Ce géronda, nonobstant ses soixante‑quinze ans, n'eût jamais prétendu, de la part de quiconque, au moindre respect. Lui‑même, de fait, se regardait comme un chien. Pour lui, comme pour d'autres «petits vieux», selon qu'il s'en expliquait - eux‑mêmes plus âgés que lui, mais surtout faibles et malades, il s'en allait mendier, quémandant l'aumône d'un morceau de pain. Et toujours, ce faisant, il s'inclinait jusqu'à terre, implorant la bénédiction de tous, qu'ils fussent moines, novices, ou pèlerins et laïcs.
Et lorsqu'un jour il voulut, à Karyès, acheter l'un de ces sacs de toile bise dont usent les moines, et qu'il ne le put -ceux‑ci valant trop cher, pour lui qui n'avait nul argent- soudain, dans un coin de l'atelier avisant le bout éculé d'une vieille musette : «Et celui‑ci ? s'enquit‑il. Combien ? - Celui‑ci ? fit le magasinier. Mais rien ! qu'en ferais‑tu donc ? - J'en chargerai mon dos, dit le moine, comme d'un havresac. - Ah, bah, n'aurais‑tu pas honte de charrier sur toi pareille vieillerie ? s'étonna bien l'autre, tout abasourdi. - Et pourquoi donc, répartit Enoch, en aurais‑je honte ?» Puis avec cette simplicité, si coutumière chez lui : «Pourquoi ? poursuivit‑il. Puisque je vaux pis, moi que cette vieille toile !»
Le hiéromoine Chrysostome, théologien talentueux du saint monastère de la Grande Lavra, fut mandé par le Patriarche à cette fin d'être consacré Evêque. Mais celui‑ci, de bien loin préférant ce qui est humble aux plus hautes dignités conférées par l'Eglise, refusa cette offre, disant : «Pour moi, je n'abandonne pas ma skoufia3 de moine !»

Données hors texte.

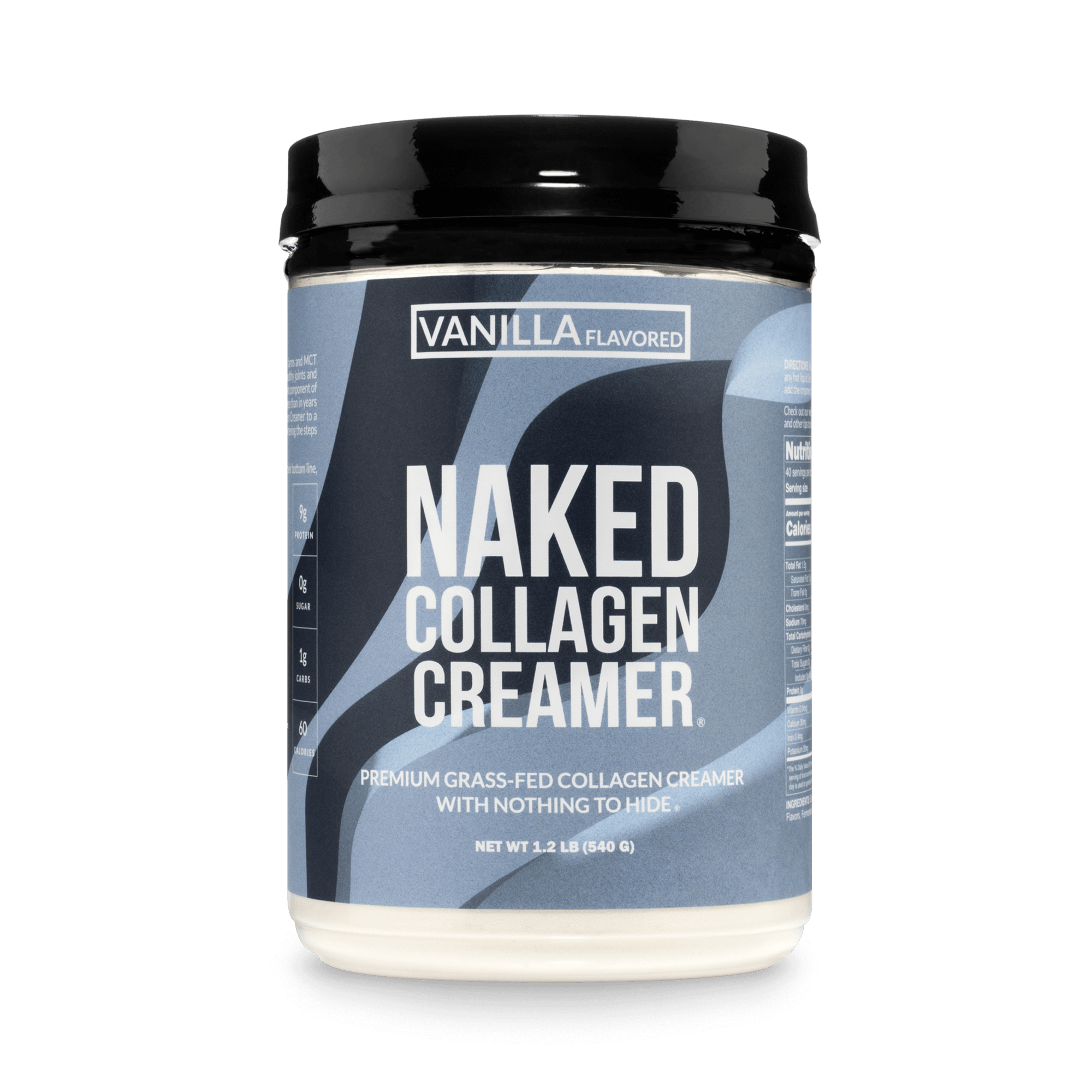 Vanilla Collagen Creamer | Naked Collagen Creamer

Un éminent hôte orthodoxe demanda quelque jour à rencontrer le père Silouane. A quoi le hiéromoine N... du même monastère, lequel faisait cependant partie de la synaxe, lui répondit:
- J'ignore pourquoi, vous, théologien érudit, vous rendez chez le père Silouane, qui n'est qu'un paysan illettré. N'y en a‑t‑il pas un autre qui fût plus remarquable que lui ?
- Pour bien comprendre le Géronda Silouane, reprit l'hôte, visiblement peiné en son âme, il faut être, pour le moins, ce que vous nommez érudit.

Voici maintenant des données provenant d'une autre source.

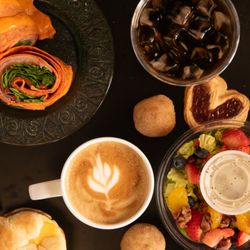 Brave Bean Coffee - Delicious lunch options pair well with house-roasted coffee!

Le même hiéromoine N... décidément ignorant, pour sa part, des divines expériences du Saint, dit à un autre frère :
- Je me demande vraiment pourquoi tous vont à lui. Ce père Silouane, sûrement, n'ouvre pas un livre.
- Peut‑être, répondit le moine ; peut‑être ne lit‑il rien, mais du moins il fait tout. Tandis que d'autres, à rebours, lisent beaucoup sans doute, mais ne font rien, absolument, de ce qui est dans les livres.

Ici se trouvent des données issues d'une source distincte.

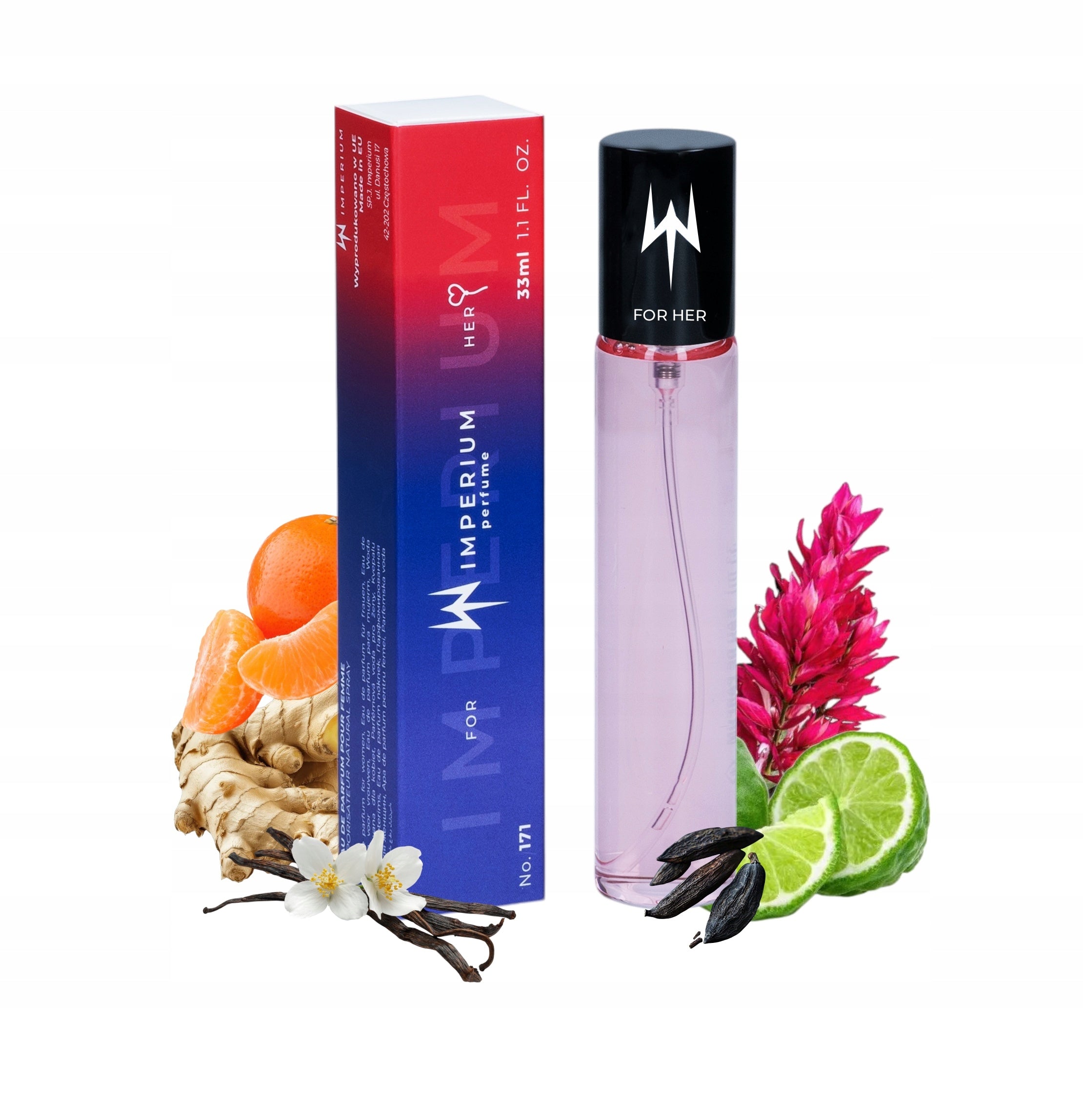Perfume 33 ml Imperium nr.171 "Olympea" Durable Women's Fragrance Inspired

Je m'enquis auprès d'un géronda, grand ascète mais simple jusqu'à l'ingénuité :
- Pourquoi vos citronniers, géronda, portent-ils tant de fruits ?
- Mon enfant, répondit-il, c'est parce que j'abaisse leurs branches.
Ces intellectuels, disait un ancien trés simple, suent sang et eau pour un vain travail. Voulant, sans se purifier, sonder le divin, ils vaticinent à l'infini, sans jamais aboutir. Mais pour qui ne dispose pas d'une immense cordée, à quoi bon chercher à descendre dans l'insondable abîme ?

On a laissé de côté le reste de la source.